Work order ▸
Give back the lines below verbatim, omitting all pictures.

Collected material ▸

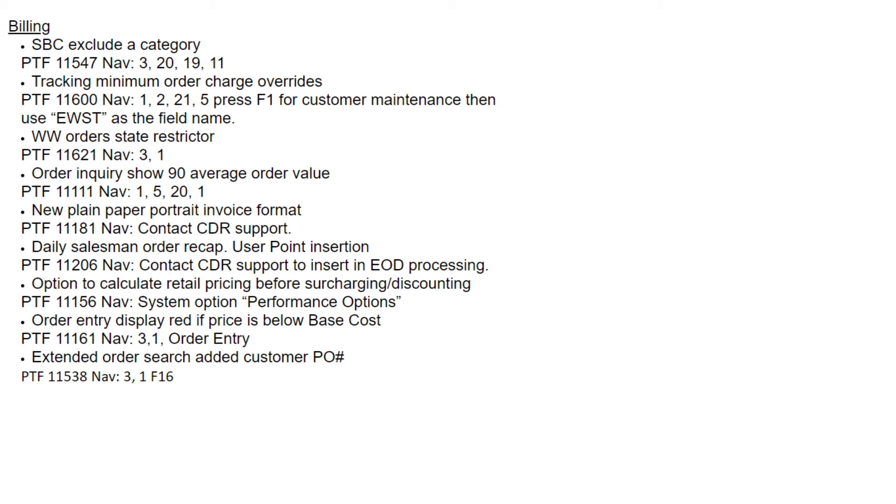The ability to calculate retail pricing before surcharging and discounting. So if you're surcharging or discounting, you may want to have the retail price calculated before that. And so that is a system option. I won't take the time to go show that to you, but basically it's under system options, and it's a performance option that you can find in there.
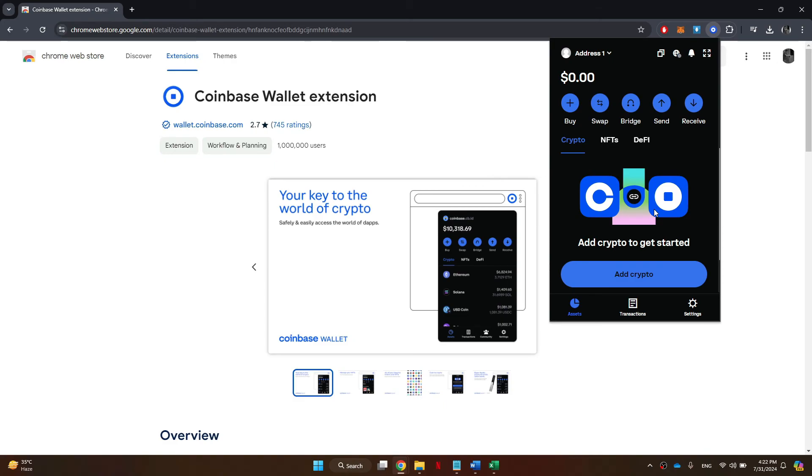So that's basically how you can add custom token on Coinbase wallet. And that's it for this video. If you find this helpful, consider subscribing and giving this a big thumbs up. Thanks.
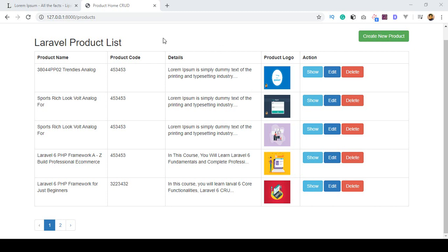We will create one complete CRUD application with image support. That means how to insert data into the database, how to read data from the database, how to update data, and how to delete data from the database. We will create this project using Laravel 7, the latest version, from scratch, step by step.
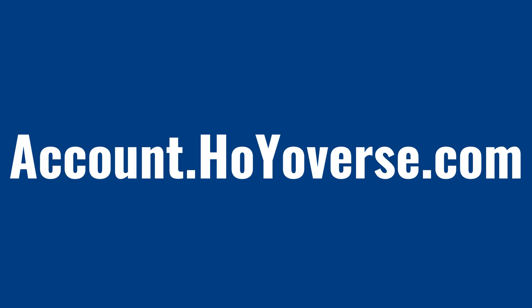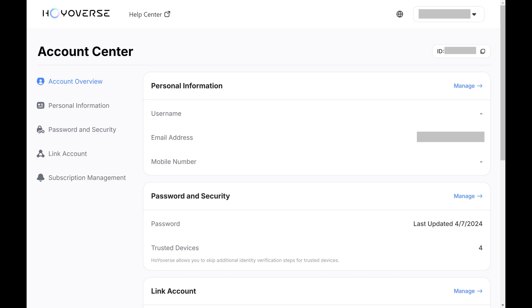Step 1. Open a web browser, navigate to account.hoyoverse.com, and then log into your Hoyoverse account. You'll land on your Hoyoverse account overview screen.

Task result ▸
The ability to calculate retail pricing before surcharging and discounting. So if you're surcharging or discounting, you may want to have the retail price calculated before that. And so that is a system option. I won't take the time to go show that to you, but basically it's under system options, and it's a performance option that you can find in there.
So that's basically how you can add custom token on Coinbase wallet. And that's it for this video. If you find this helpful, consider subscribing and giving this a big thumbs up. Thanks.
We will create one complete CRUD application with image support. That means how to insert data into the database, how to read data from the database, how to update data, and how to delete data from the database. We will create this project using Laravel 7, the latest version, from scratch, step by step.
Step 1. Open a web browser, navigate to account.hoyoverse.com, and then log into your Hoyoverse account. You'll land on your Hoyoverse account overview screen.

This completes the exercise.